[Start of section]
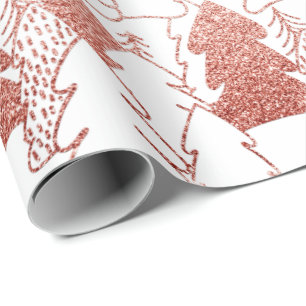 Papier Cadeau Blanc rose d'or de glace de parties scintillantes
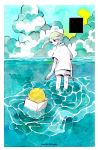  1girl artist_name box clouds cloudy_sky from_behind horizon looking_back maruti_bitamin moon original outdoors partially_submerged rectangle ripples shirt short_sleeves shorts sky solo white_shirt white_shorts 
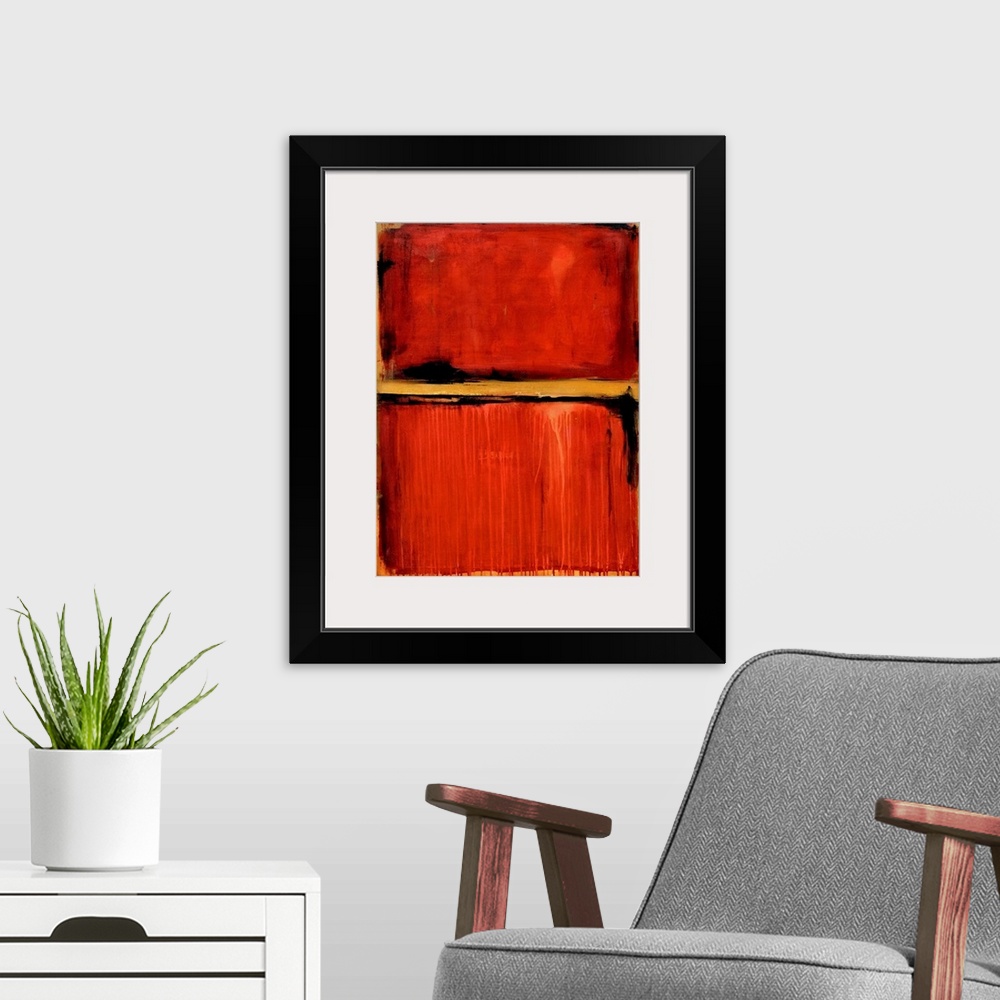 A modern room featuring Contemporary abstract artwork in deep red with an orange stripe.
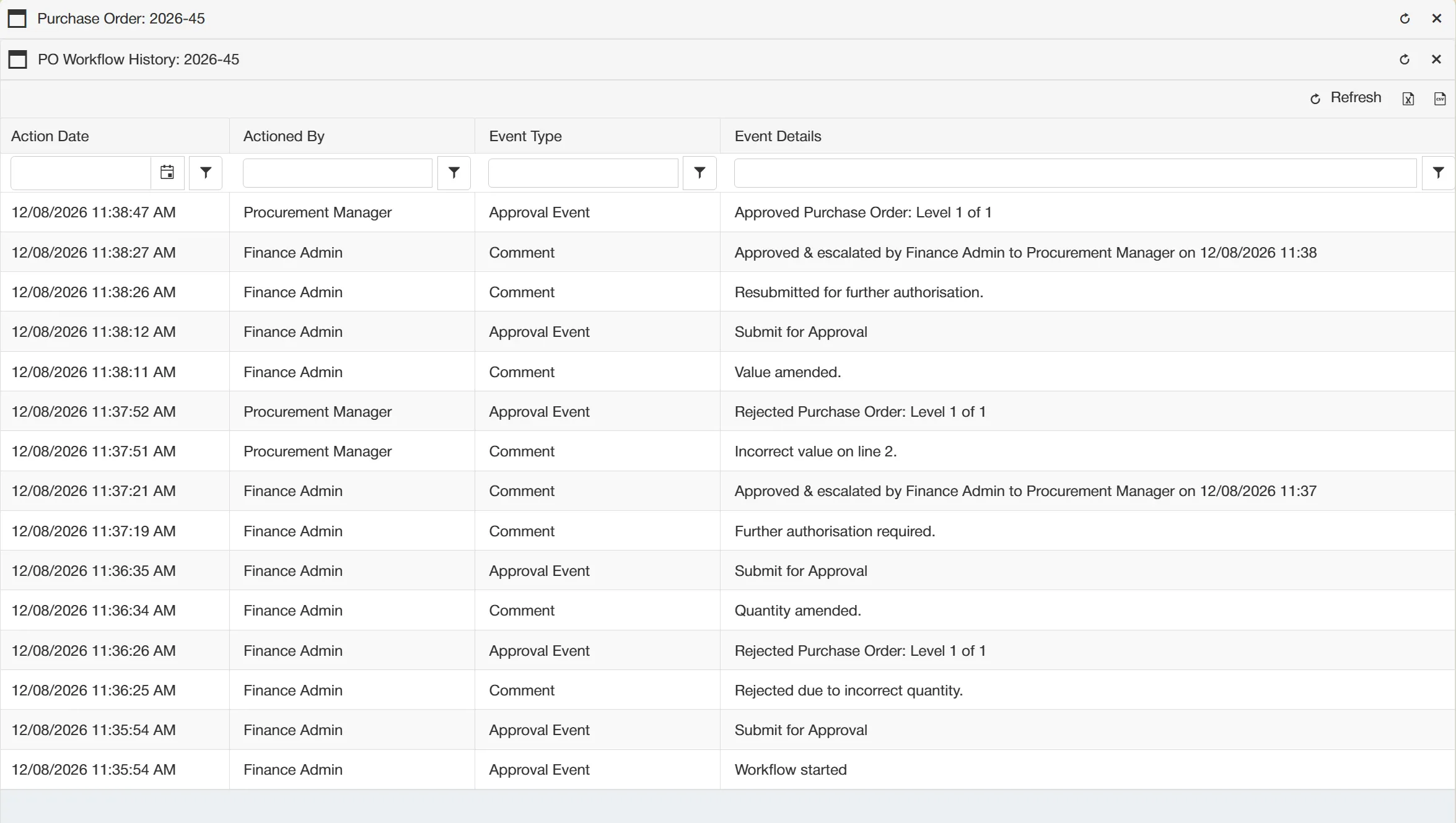Full audit trail for purchase orders within the po software.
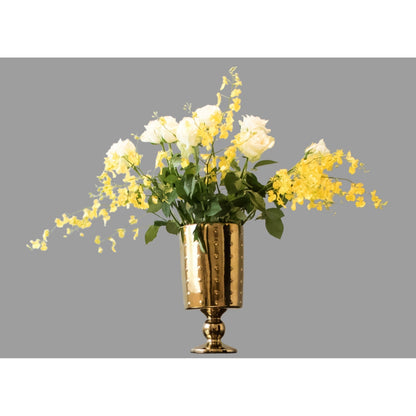 Large Decorative Footed Gold Ceramic Vase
[End of section]
### Problem to solve
Begin at the first line of the data above and repeat each line exactly, stopping after the line containing "Full audit trail". Omit the pictures.

### Task output
 Papier Cadeau Blanc rose d'or de glace de parties scintillantes
  1girl artist_name box clouds cloudy_sky from_behind horizon looking_back maruti_bitamin moon original outdoors partially_submerged rectangle ripples shirt short_sleeves shorts sky solo white_shirt white_shorts 
 A modern room featuring Contemporary abstract artwork in deep red with an orange stripe.
Full audit trail for purchase orders within the po software.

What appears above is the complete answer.